Rain In The Cloud Markets May Have Created Buying Opportunity

 | Oct 17, 2019 01:32AM ET

Workday’s (NASDAQ:WDAY) disappointing analyst day sent fear rippling through the sector, punishing cloud stocks throughout the market. The company maintained its full-year guidance but hinted at topline deceleration. Signs of a topline slowdown for a firm that sports such hefty valuation multiples was a red flag for investors. WDAY plummeted over 11% yesterday and continues to decline in morning trading.

The double-digit revenue multiples that these cloud stocks have been donning may be in excess of what they are worth. Valuation concerns have been haunting stocks and investors alike in the second half of this year as the markets attempt to correct any overly rich multiples.

This broader cloud decline driven by Workday concerns is overplayed for a couple of reasons.

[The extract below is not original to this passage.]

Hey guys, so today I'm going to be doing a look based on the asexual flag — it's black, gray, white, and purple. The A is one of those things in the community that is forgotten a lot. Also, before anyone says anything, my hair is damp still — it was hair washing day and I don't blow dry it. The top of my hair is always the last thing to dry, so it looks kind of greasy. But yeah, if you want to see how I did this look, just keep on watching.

One, the cloud industry can’t be so easily lumped together as the space is incredibly heterogeneous, with the only real similarity being the way the products are deployed. Workday’s primary product offering is its cloud-based human capital management or HCM, though it offers some other enterprise software solutions.

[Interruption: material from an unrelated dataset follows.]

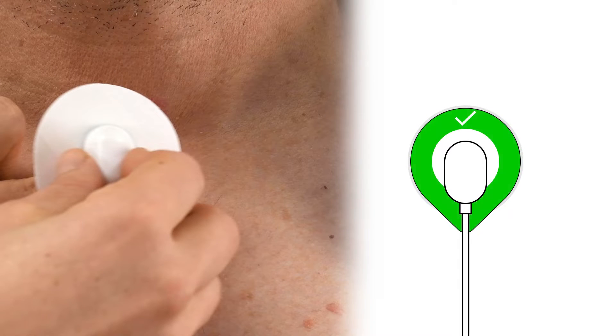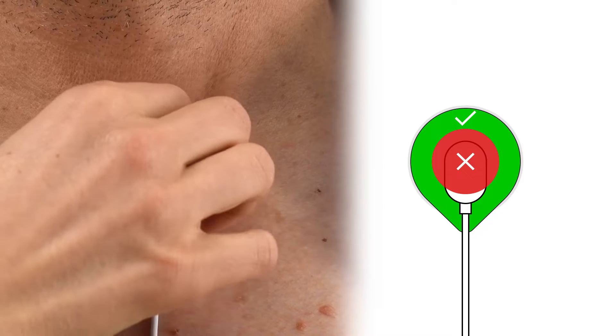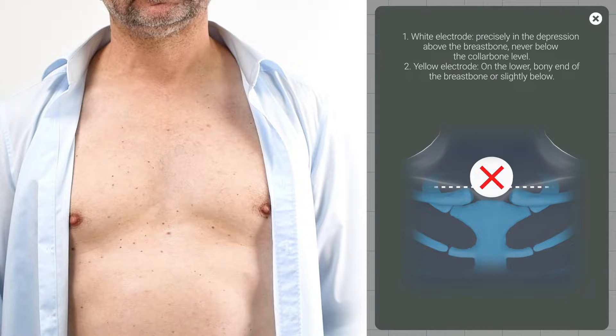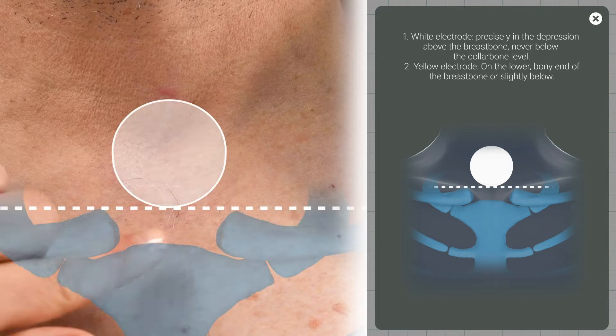When attaching the electrodes, apply pressure only to the adhesive edge. Firstly, position the white electrode precisely in the depression above the breastbone, never below the collarbone level.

Cloud-based HCM is a particular enterprise cloud segment that doesn’t necessarily have any correlation with the broader category. There were other company-specific concerns like acquisition delays and deceleration due to substantial market penetration.

Workdays management team is also in question having missed on 4 of the last 5 quarterly EPS estimates. Management is either not doing an adequate job communicating to analysts or management themselves are surprised by the results. Either way, this demonstrates a management team that doesn’t effectively communicate to the public. The guidance that was presented at WDAY’s analyst meeting may have been ill-advised.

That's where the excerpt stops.